The last supper Jesus and His apostles took before the trial and the crucifixion is one of the most popular scenes in Christian iconography. The tradition is so old, this scene was even drawn on the walls of the catacombs when Christianity was illegal. The biblical foundation of this art motif is the highly significant moment described in all four Gospels. It is the moment when Judas admits his betrayal, when Jesus institutes the holy communion through bread and wine that will come to signify His body and blood. It is followed by one of the most significant sermons and by the act of washing the feet of the apostles, by Jesus.
The Westerners, Catholics and Protestants, call this scene The Last Supper, while the Orthodox Christians in the East tend to emphasize not the chronological, but the religious aspect of what they regard as an ongoing miracle performed at Sunday’s liturgy. Therefor the Greeks call it The Mystical Supper, while others, like Russians and Romanians call it The Mysterious Supper. The representations alike differ from East to West.
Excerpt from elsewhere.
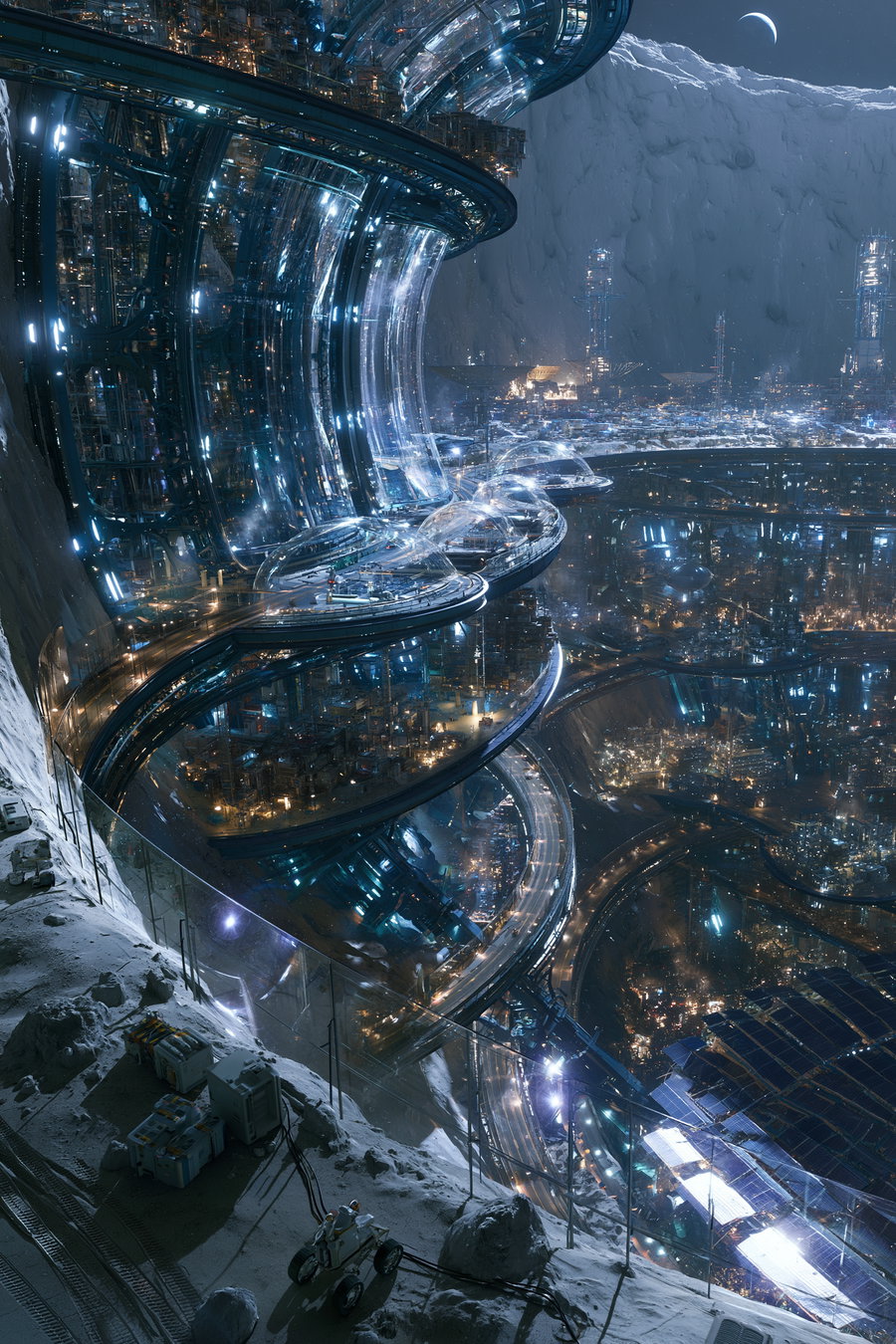 A futuristic city built inside a large cavern with curved, transparent structures and numerous glowing lights, viewed from a rocky, moon-like surface with a rover and equipment in the foreground under a crescent moon.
In the East the table is usually round and the characters are presented in the typical Byzantine style. Usually only Christ has an aura, as it is supposed that the apostles received the Holy Spirit at the Pentecost, 50 days after the resurrection. In other variants, only Judas lacks the aura. In many icons and frescoes, the characters sit on pillows at the table, with the Eastern depictions tending to present an immobile Christ as if sitting on a throne. Modern historians question whether the Jewish lower class of antiquity would have used chairs and tables at all, and rather take a more oriental position, leaning on some pillows and eating with one hand the food laid over a cloth on a bed or on the floor. Coincidentally or not, this is closer to what it looks like when Christ is presented in the Byzantine fashion, inside of a mandorla, an almond shape aura in which the icon of nativity and that of the resurrection is portrayed. A conservative Orthodox depiction can be seen here, in a fresco in Studenica Monastery, Serbia.
The order in which the characters sit at the table as well as the clothing and the room has changed largely in the East as well as in the West.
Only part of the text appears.